3. Letztlich kann man nun also darüber streiten, ob mit dem letzten Satz des Zitats Widersprüche tatsächlich nicht mehr notwendig seien - oder ob hier formuliert wird, dass empfohlen werde, dass Widersprüche nicht mehr erforderlich seien. Diese Folgerung kann man nun als spitzfindig empfinden. Man sollte dabei aber als warnendes Beispiel die Hamburger Erfahrungen nicht vergessen:
https://www.komba-hamburg.de/artikel-hh/wichtige-information-fuer-alle-beamtinnen-und-beamten-sowie-versorgungesempfaenger.htmlhttps://www.dbb-hamburg.de/aktuelles/news/bescheiderteilung-zu-den-widerspruechen-antraegen-amtsangemessene-alimentation-im-dezember-2020/https://www.dbb-hamburg.de/aktuelles/news/sachstand-zu-den-widerspruchs-und-klageverfahren-zur-amtsangemessenen-alimentation-der-beamtinnen-und-beamten/https://www.dbb.de/artikel/amtsangemessene-alimentation-senat-bleibt-auf-konfrontationskurs.htmlWenn Dir also "ein wenig die Phantasie, wie zwischen Widersprechenden und Nicht-Widersprechenden unterschieden werden" solle, fehle, dann bleibt es zunächst dabei, die genannten Rn. 182 f. der aktuellen bundesverfassungsgerichtlichen Entscheidung machen mit ausnahmslos bestimmten Rechtsbegriffen klar, dass vom Dienstherrn erwartet wird, dass er i.d.R. eine solche Unterscheidung vornimmt (Hintergrund ist, dass es um Gemeinwohlinteressen geht, die das Bundesverfassungsgericht hier stärkt: Ein Beamter, der sich nicht aktiv um seine Belange kümmert, verwirkt mit Ende eines Jahres selbstverschuldet ggf. noch vorhandene Ansprüche, da er offensichtlich die Rechtmäßigkeit der ihm gewährten Alimentation nicht hinreichend gewissenhaft geprüft hat; hätte er eine entsprechend wenig gewissenhafte Rechtsprüfung gegenüber Dritten vollzogen, könnte er damit rechnen, dass er damit ggf. ein Dienstvergehen vollzieht, da er strikt an das Gesetz gebunden ist und also in jedem Fall die Gesetzmäßigkeit seines Handelns garantieren muss. So wie er für ein Dienstvergehen und seine Folgen belangt werden kann, muss ihm entsprechend klar sein, dass selbstverschuldet verwirkte Ansprüche nicht mehr nachträglich einforderbar sind).

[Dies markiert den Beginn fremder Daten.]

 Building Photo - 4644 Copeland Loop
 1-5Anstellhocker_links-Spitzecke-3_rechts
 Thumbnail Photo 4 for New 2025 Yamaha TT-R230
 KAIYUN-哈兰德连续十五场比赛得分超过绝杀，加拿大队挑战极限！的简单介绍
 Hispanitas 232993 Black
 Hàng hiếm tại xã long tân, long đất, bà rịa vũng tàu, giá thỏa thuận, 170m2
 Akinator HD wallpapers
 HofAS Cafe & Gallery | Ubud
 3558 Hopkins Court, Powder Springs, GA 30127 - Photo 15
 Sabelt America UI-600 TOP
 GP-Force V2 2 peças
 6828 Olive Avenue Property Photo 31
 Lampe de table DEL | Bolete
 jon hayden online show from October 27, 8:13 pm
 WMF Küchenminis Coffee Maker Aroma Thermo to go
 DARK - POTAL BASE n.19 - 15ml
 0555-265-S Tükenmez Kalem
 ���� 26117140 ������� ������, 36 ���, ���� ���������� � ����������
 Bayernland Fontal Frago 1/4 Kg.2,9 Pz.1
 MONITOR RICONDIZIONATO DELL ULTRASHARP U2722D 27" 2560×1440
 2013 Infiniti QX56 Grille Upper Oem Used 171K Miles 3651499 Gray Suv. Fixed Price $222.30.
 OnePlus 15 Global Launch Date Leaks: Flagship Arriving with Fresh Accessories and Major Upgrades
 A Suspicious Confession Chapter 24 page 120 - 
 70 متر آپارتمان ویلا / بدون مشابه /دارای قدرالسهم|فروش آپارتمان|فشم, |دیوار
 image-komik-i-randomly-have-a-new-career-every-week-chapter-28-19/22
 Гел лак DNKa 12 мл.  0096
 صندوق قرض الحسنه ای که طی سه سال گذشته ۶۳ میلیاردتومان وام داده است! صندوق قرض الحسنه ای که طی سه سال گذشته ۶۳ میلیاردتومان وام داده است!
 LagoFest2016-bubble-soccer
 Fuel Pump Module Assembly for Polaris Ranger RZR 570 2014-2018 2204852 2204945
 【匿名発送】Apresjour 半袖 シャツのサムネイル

Darüber hinaus begibt sich der Beamte, indem er davon ausgeht, dass ein Widerspruch nicht nötig sei, in die von mir in meinen letzten Beitrag beschriebene selbstverschuldete Machtlosigkeit, da er ohne die von ihm herbeigeführte Hemmung qua eines statthaften Rechtsbehelfs wie beschrieben ggf. von der zukünftigen Interpretation seines Dienstherrn abhängig bleibt, wie auch immer diese aussehen mag. Dieses Ergebnis kann man nun als Gesülz empfinden - aber mit einigem Pech wird es sich nicht als solches erweisen. Denn wie Du richtig schreibst: "Sehr viele Beamte beschäftigen sich null mit dem Thema" - und das bleibt auf Grundlage der genannten bundesverfassungsgerichtlichen Rechtsprechung ihr Problem und nicht das ihres Dienstherrn. Wer deshalb Mord und Totschlag vollziehen wollte, wanderte in den Knast und würde aus dem Beamtenverhältnis entfernt werden - und ich kann nicht sagen, dass ich diese Konsequenzen für falsch hielte. Denn als die die staatliche Gewalt exekutierenden Beamten sind wir der strikten Bindung sowohl an das Recht als auch dem Gemeinwohl unterworfen und sind entsprechend dazu verpflichtet, ein gesundes Misstrauen auch gegenüber unserem Dienstherrn walten zu lassen, sollten uns also nicht vertrauensselig "null mit dem Thema" wie auch mit allen anderen Themen, die unser Dienstverhältnis betreffen, beschäftigen, denke ich:
"War der Beamte ursprünglich allein dem Regenten verpflichtet, wandelte er sich mit dem veränderten Staatsverständnis vom Fürsten- zum Staatsdiener. Seine Aufgabe war und ist es,
Verfassung und Gesetz im Interesse der Bürger auch und gerade gegen die Staatsspitze zu behaupten. Die Übernahme der funktionswesentlichen tradierten Grundstrukturen des Berufsbeamtentums in das Grundgesetz beruht auf einer Funktionsbestimmung des Berufsbeamtentums als Institution, die, gegründet auf Sachwissen, fachliche Leistung und loyale Pflichterfüllung, eine stabile Verwaltung sichern und damit
einen ausgleichenden Faktor gegenüber den das Staatswesen gestaltenden politischen Kräften bilden soll. Die institutionelle Einrichtungsgarantie des Art. 33 Abs. 5 GG trägt gleichzeitig der Tatsache Rechnung, dass im demokratischen Staatswesen Herrschaft stets nur auf Zeit vergeben wird und die Verwaltung schon im Hinblick auf die wechselnde politische Ausrichtung der jeweiligen Staatsführung neutral sein muss. Insoweit kann die strikte Bindung an Recht und Gemeinwohl, auf die die historische Ausformung des deutschen Berufsbeamtentums ausgerichtet ist, auch als Funktionsbedingung der Demokratie begriffen werden. Seine Aufgabe kann das Berufsbeamtentum nur erfüllen, wenn es rechtlich und wirtschaftlich gesichert ist. Nur wenn die innere und äußere Unabhängigkeit gewährleistet ist und
die Bereitschaft zu Kritik und nötigenfalls Widerspruch nicht das Risiko einer Bedrohung der Lebensgrundlagen des Amtsträgers und seiner Familie in sich birgt, kann realistischerweise erwartet werden,
dass ein Beamter auch dann auf rechtsstaatlicher Amtsführung beharrt, wenn sie (partei-) politisch unerwünscht sein sollte [...]. Die Verpflichtung des Dienstherrn zu einer amtsangemessenen Alimentation des sich mit seiner ganzen Arbeitskraft seinem Amt widmenden Richters und Beamten besteht also nicht allein in dessen persönlichem Interesse, sondern dient zugleich dem Allgemeininteresse an einer fachlich leistungsfähigen, rechtsstaatlichen und unparteiischen Rechtspflege und öffentlichen Verwaltung, hat also auch eine qualitätssichernde Funktion" (BVerfG, Beschluss v. 04.05.2020 - 2 BvL 6/17 -, Rn. 28; Hervorhebungen durch mich).